Now THIS is a noir with not just pedigree, but power.  You can run a check-list of noir elements, but they're so well-integrated into the engrossing story that you don't pause to think, "Ah, she's a femme fatale," or "Oh, it's being told in flashback," or "yup here's the relentless investigator." You just sit back enthralled in the tale.

From the first notes of the Miklos Rozsa score to the final screams of Ava Gardner pleading with a dead man, this movie plays like a punch to the gut.  It's got a killer script with really cracking dialogue that is read by the actors so that every word cuts like a dagger.  This cast comprises one of the best collections of hard-boiled lowlifes I've ever enjoyed-  from the hitman tag team of Charles McGraw and William Conrad, to the hiest team headed by a deadly Albert Dekker as Big Jim Colfax, and including thugs with names like "Dum-Dum" (Jack Lambert) and "Blinky" (Jeff Corey), as well as the two leads, Burt Lancaster as "The Swede" and Ava Gardner as the wiley femme fatale "Kitty" Collins. 

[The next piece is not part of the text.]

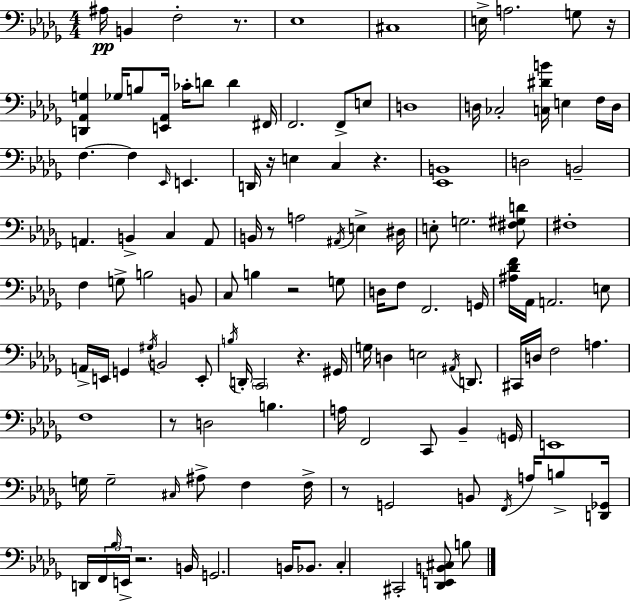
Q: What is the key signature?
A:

Tracking down the crooks with a dogged determination is an insurance investigator played by Edmond O'Brien, Incidentally, there sure are a lot of these types in noir- as part of last year's Noirvember, I took in three different films that included insurance investigators in various pivotal roles - Roadblock (1951),  Man in the Dark (1953), and Loophole (1954).  He is assisted in his search by Sam Levine as the ex-police lieutenant Lubinsky, who happened to be an old friend of the murdered Swede.  

The plot here is familiar to any noir fans-  a man gets involved in crime, led astray by his desire for the wrong kind of woman, and fate makes him pay the ultimate price.  The simplicity of such a summary does not do it justice; the greatness of this film is not in the uniqueness of the plot, but in the art of the telling, and this film is a masterwork with several notable signatures in the lower righthand corner of the canvas.  It is adapted from an Ernest Hemingway story by Anthony Veiller with uncredited assistance by John Huston and Richard Brooks, and brought to the screen with fervid potency by Robert Siodmak.